▶ _How to complete this task_: The listing below must be repeated word for word, without its pictures.

▶ _Data below_:
__________
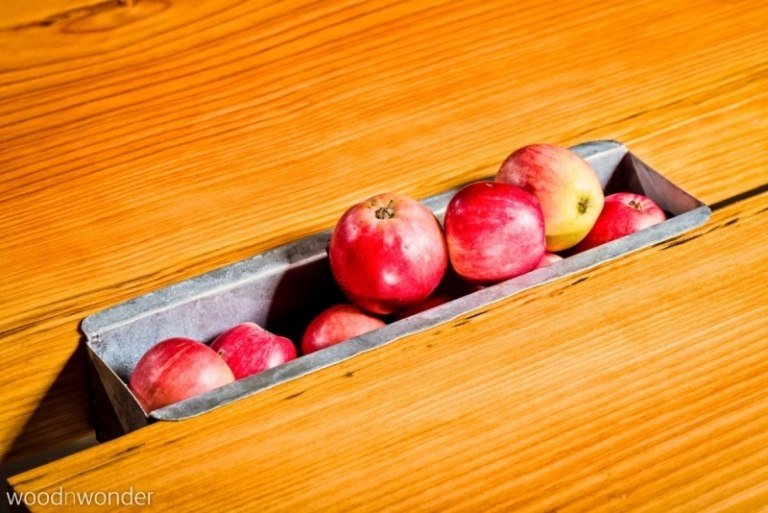 danska-massivt-trä-möbler-bordsskiva-spricka-zinklåda-äpplen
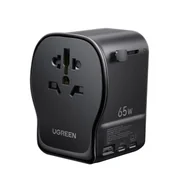 Ładowarki do telefonów - Ugreen 55001 ładowarka do urządzeń przenośnych Uniwersalne Czarny, Szary Prąd przemienny Szybkie ładowanie Wewnętrzna - miniaturka - grafika 1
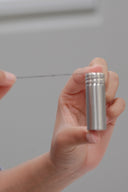 Charcoal Floss - Stainless Steel Holder - No Tox Life®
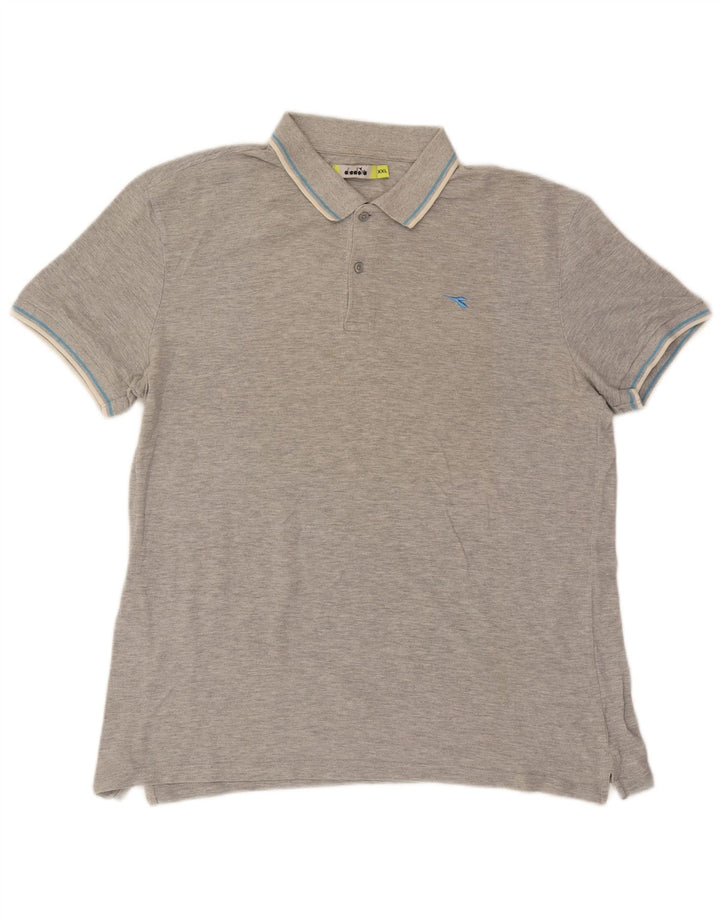 Męska koszulka polo Diadora 2XL szara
__________
▶ _Task output_:
 danska-massivt-trä-möbler-bordsskiva-spricka-zinklåda-äpplen
 Ładowarki do telefonów - Ugreen 55001 ładowarka do urządzeń przenośnych Uniwersalne Czarny, Szary Prąd przemienny Szybkie ładowanie Wewnętrzna - miniaturka - grafika 1
 Charcoal Floss - Stainless Steel Holder - No Tox Life®
 Męska koszulka polo Diadora 2XL szara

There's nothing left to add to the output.